L’attractivité de notre pays découle-t-elle du refus de la bureaucratie européenne ? C’est en tout cas la conviction de Marcel Erni, cofondateur de Partners Group AG et force vive de l’initiative Boussole.
De Raphaël Pomey
Nous sommes à l’hôtel Beau-Rivage, à Neuchâtel, ce lundi 7 octobre. Dans un salon bien rempli, différents intervenants (dont l’auteur de ces lignes) se succèdent pour présenter et défendre l’initiative Boussole. Lancée quelques jours plus tôt, cette dernière fait l’objet d’un véritable « road show » à travers la Suisse romande, avec des conférences organisées d’un canton à l’autre pour promouvoir l’autonomie juridique de la Suisse face à l’UE.
En ligne de mire, la crainte d’une reprise automatique d’éléments du droit européen en cas de succès du grand « rabibochage » tant vanté par la caste médiatique entre la Suisse et son puissant voisin. L’initiative Boussole exige que les traités visant une reprise dynamique importante du droit étranger soient soumis à référendum, nécessitant l’accord du peuple et des cantons.
Ce lundi, des députés neuchâtelois de l’UDC, Daniel Berger et Evan Finger, sont intervenus, ainsi que le journaliste et expert François Schaller, combattant de la première heure. Mais un Zougois, inconnu de la plupart des auditeurs, a marqué les esprits. Classé parmi les plus grosses fortunes de Suisse, Marcel Erni est venu plaider sa cause, allant jusqu’à prendre en charge la diffusion des diapositives du copieux PowerPoint élaboré par le comité d’initiative. N’a-t-il pas peur de se créer des inimitiés solides parmi d’autres acteurs de l’économie ? Lui, l’homme de centre droit, risque-t-il de s’attirer les foudres de ceux qui jugent cette lutte suicidaire, comme Economiesuisse ? Dans L’Agefi, le responsable de projets à la Fédération des entreprises suisses, Arnaud Midez, n’hésite pas à affirmer que derrière les slogans « alarmistes et éculés » des partisans de l’initiative, « c’est l’avenir même de la Suisse qui est en péril : ses relations économiques, son modèle de prospérité, tout ce qui a assuré notre succès jusqu’ici. »
Engagé par idéal
Un esprit taquin pourrait retourner l’argument en notant que, depuis 1992, les prédictions alarmistes – qui se sont toutes révélées erronées – provenaient plutôt des défenseurs du rapprochement avec l’UE, mais passons. Marcel Erni, dont le groupe contrôle plus de 90 sociétés réparties dans vingt pays, préfère mettre l’accent sur le large soutien dont son projet bénéficie dans la société. « Il y a de multiples acteurs concernés par notre initiative : les entreprises, bien sûr, mais aussi les personnes attachées à la démocratie directe, les pendulaires, sans oublier les syndicats. Nous avons dans notre comité Gaudenz F. Domenig, qui dirige le groupe Burkhalter, leader des prestations électrotechniques pour bâtiments. Il a 6 000 employés et il est avec nous parce qu’il veut éviter le nivellement des salaires vers le bas. Quand les patrons et les syndicats s’unissent dans un même combat, il y a des raisons d’être optimiste. »

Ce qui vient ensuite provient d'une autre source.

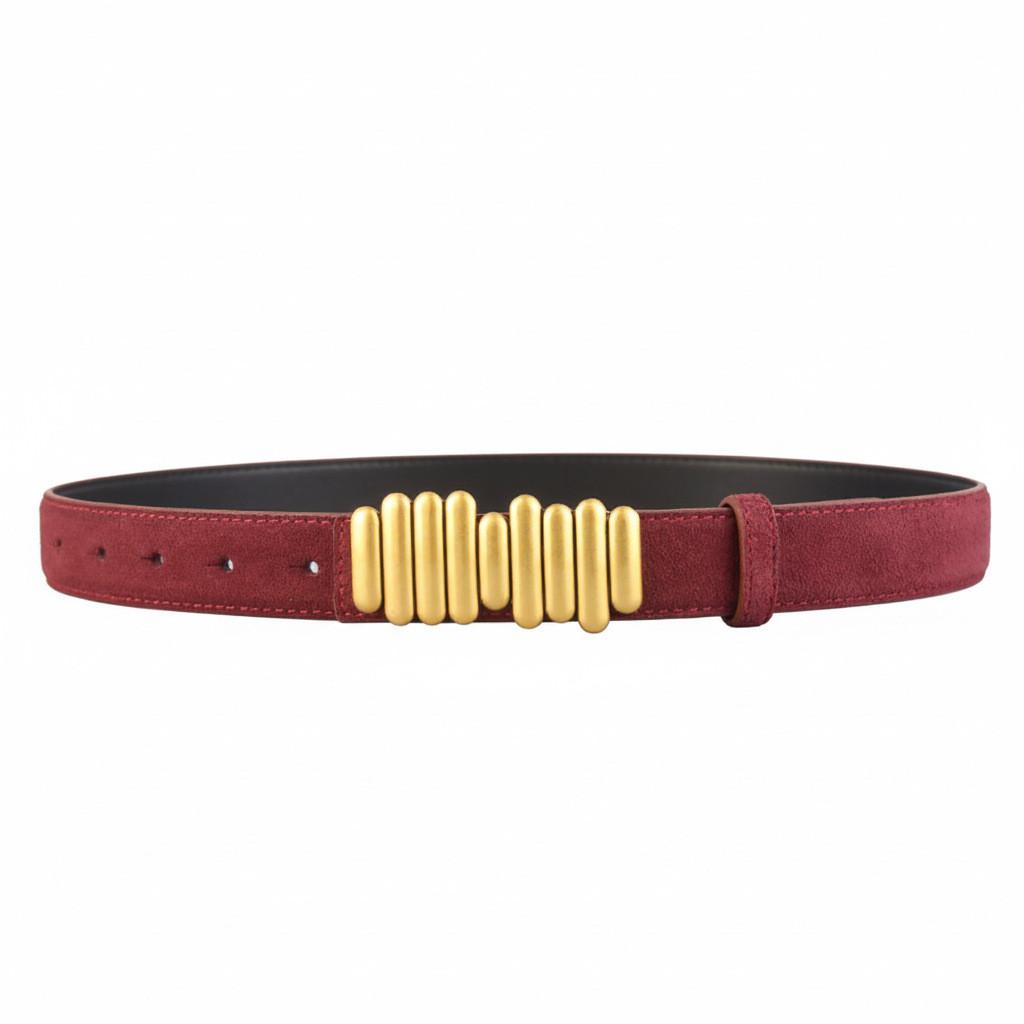 Womens Genuine Leather Belt With Alloy Buckle For Casual And Work Outfits Angora Red
Womens Genuine Leather Belt With Alloy Buckle For Casual And Work Outfits Angora Red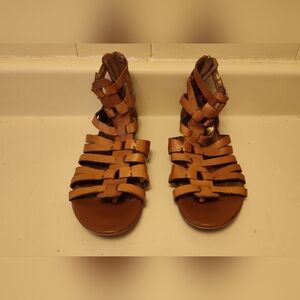 Sam Edelman Brown Leather Beck Gladiator Sandals Size 7.5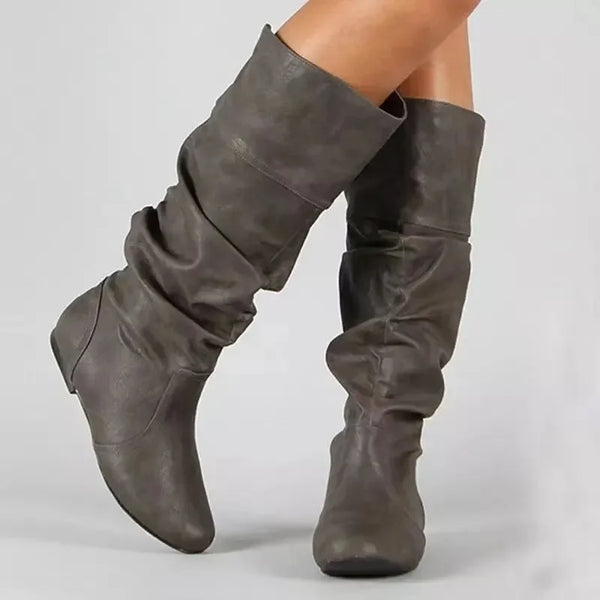 Marianne - Women's Slouch Knee High Boots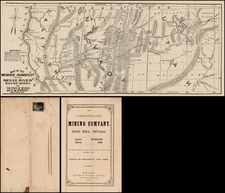 Southwest, Nevada, Rocky Mountains and California Map By E. W. Perry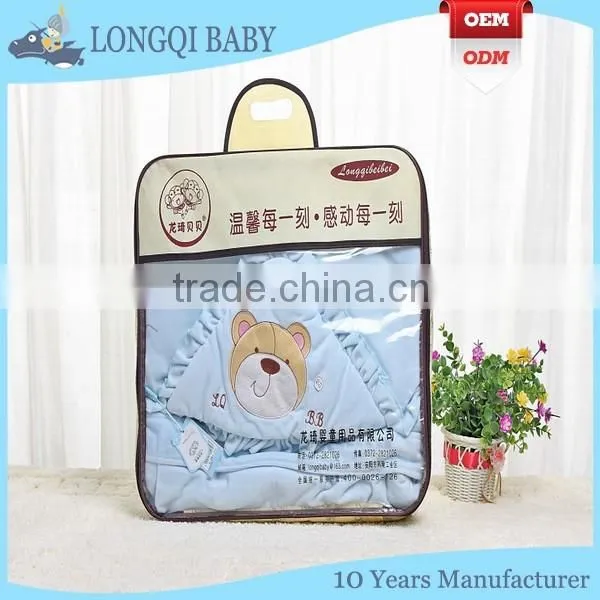 BB-LZ-007 Thickening and Larger Hooded Cotton Lace Baby Swaddle Wrap Blanket photo-6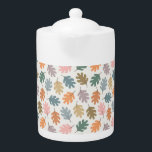 Fall Leaves<br><div class="desc">A cute, stylized and modern leaf design inspired by the fall or Thanksgiving season. This pattern features abstract oak leaves in fun, non-traditional colours.</div>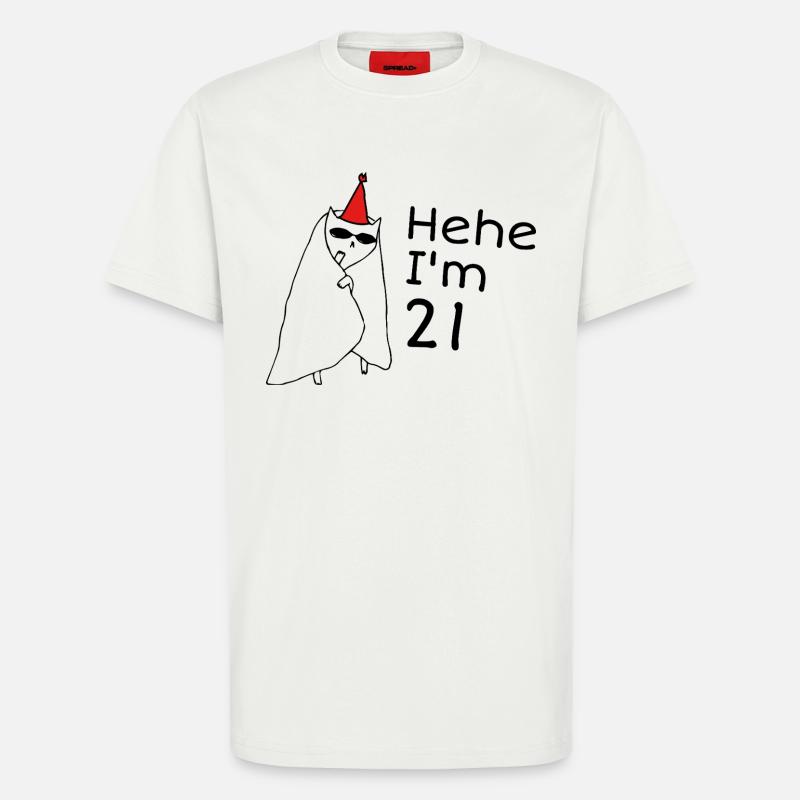 21-jähriges Jubiläum – 21. Jubiläumsgeschenk - T-Shirt - made by SPREAD - OFF WHITE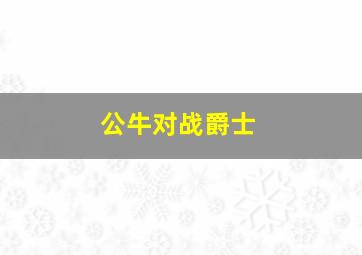 公牛对战爵士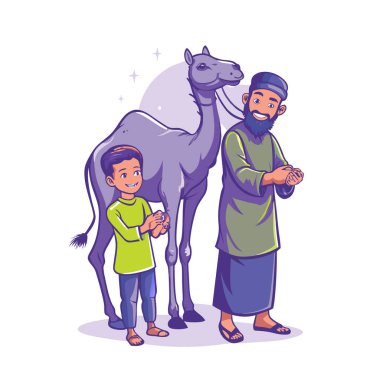 Kutsal Kurban El Adah İllüstrasyon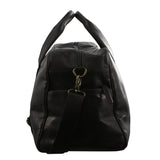 Pierre Cardin Rustic  Black Leather Duffel Bag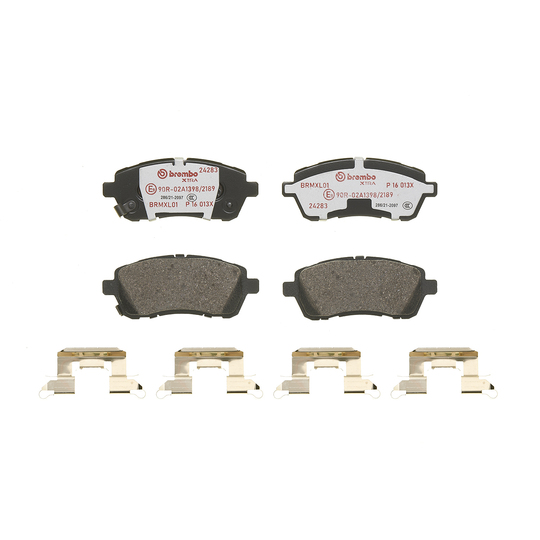 P 16 013X - Brake Pad Set, disc brake 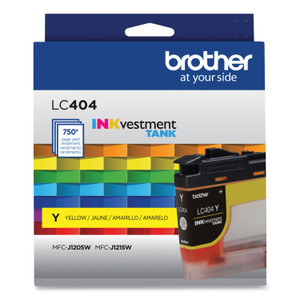 Brother LC404YS INKvestment Ink, 750 Page-Yield, Yellow (BRTLC404YS) View Product Image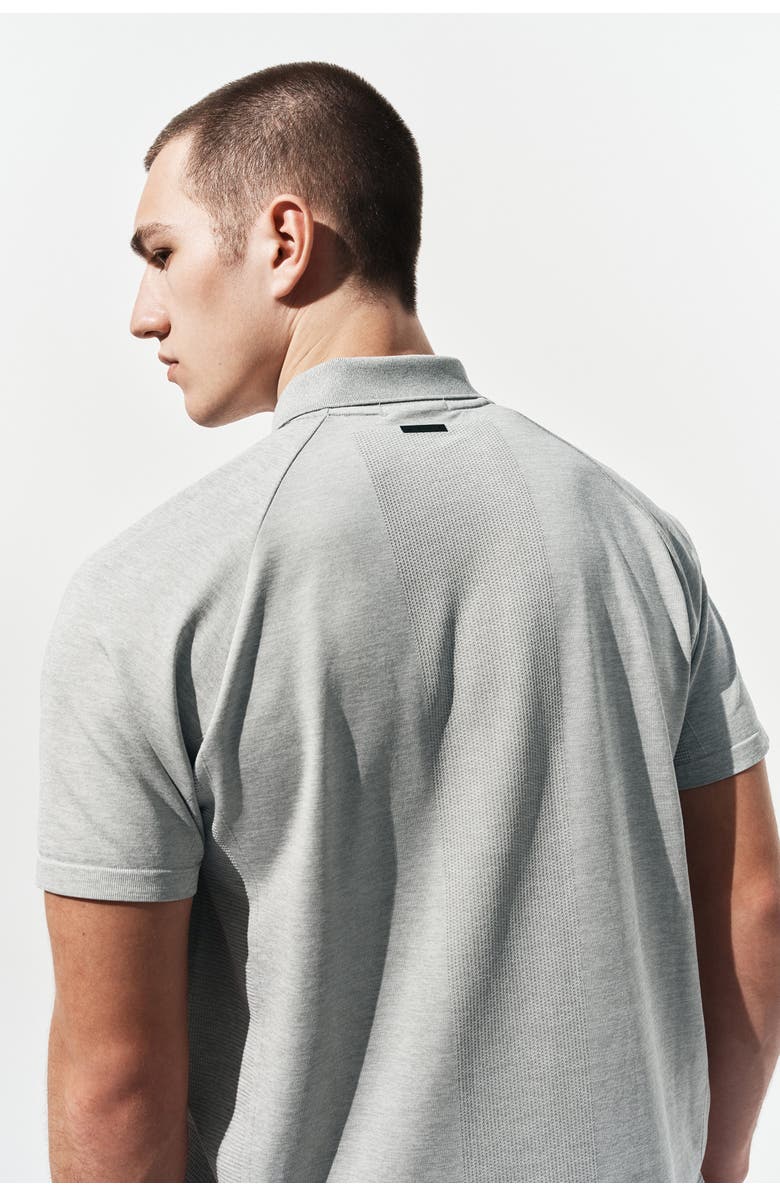 H&M Regular Fit Tennis T-shirt With Drymove, Alternate, color, Light Gray Melange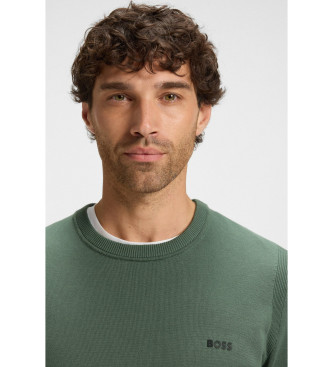BOSS Pullover med kontrasterande grna detaljer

Mais au juste, qu’est-ce qu’un succès des bilatérales III (ndlr : les partisans de l’initiative préfèrent parler d’accord-cadre 2.0) changerait pour Partners Group ? « Pour nous, qui sommes en Europe et en Amérique, cela n’aurait aucune importance. Je m’engage par idéal, sans être membre d’aucun parti. Tout ce que je veux, c’est protéger les droits de notre pays et avoir une discussion factuelle sur les implications d’un alignement sur les règles européennes. »
Quelque chose nous dit que les prochains mois risquent d’être animés sur le front de la défense de l’autonomie suisse.